Collected material:

───

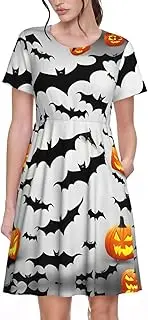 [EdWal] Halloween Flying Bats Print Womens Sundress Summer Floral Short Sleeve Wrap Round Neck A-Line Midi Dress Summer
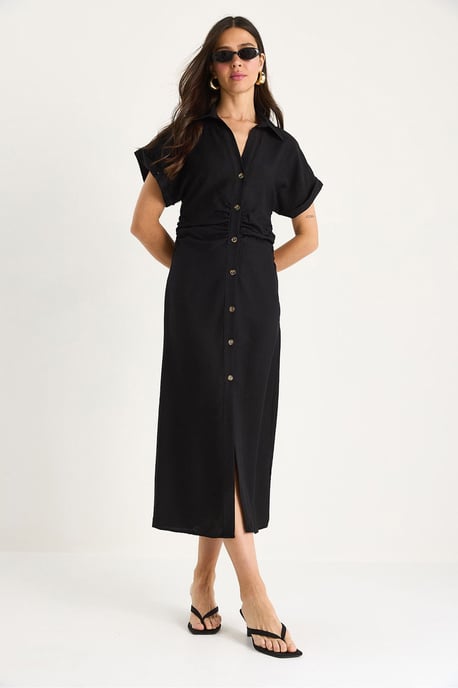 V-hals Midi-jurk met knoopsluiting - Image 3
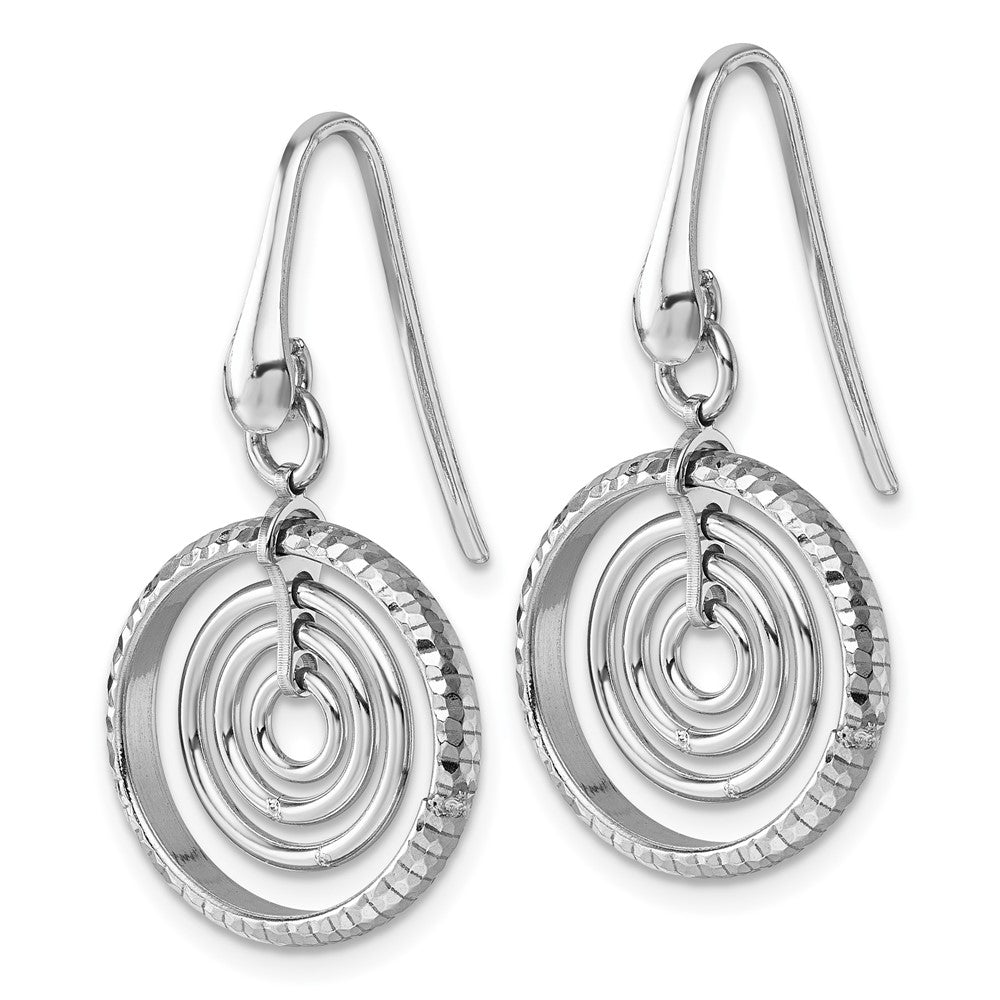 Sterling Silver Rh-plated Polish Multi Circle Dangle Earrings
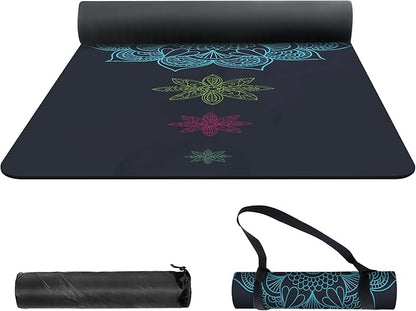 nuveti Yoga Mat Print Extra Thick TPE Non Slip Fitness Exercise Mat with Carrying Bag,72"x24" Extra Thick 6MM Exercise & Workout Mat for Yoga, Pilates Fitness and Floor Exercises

───

Starting at the line that contains "V-hals Midi-jurk met knoopsluiting - Image 3", restate each line verbatim through the final line of the listing, skipping all pictures.

Solved exercise:
 V-hals Midi-jurk met knoopsluiting - Image 3
 Sterling Silver Rh-plated Polish Multi Circle Dangle Earrings
 nuveti Yoga Mat Print Extra Thick TPE Non Slip Fitness Exercise Mat with Carrying Bag,72"x24" Extra Thick 6MM Exercise & Workout Mat for Yoga, Pilates Fitness and Floor Exercises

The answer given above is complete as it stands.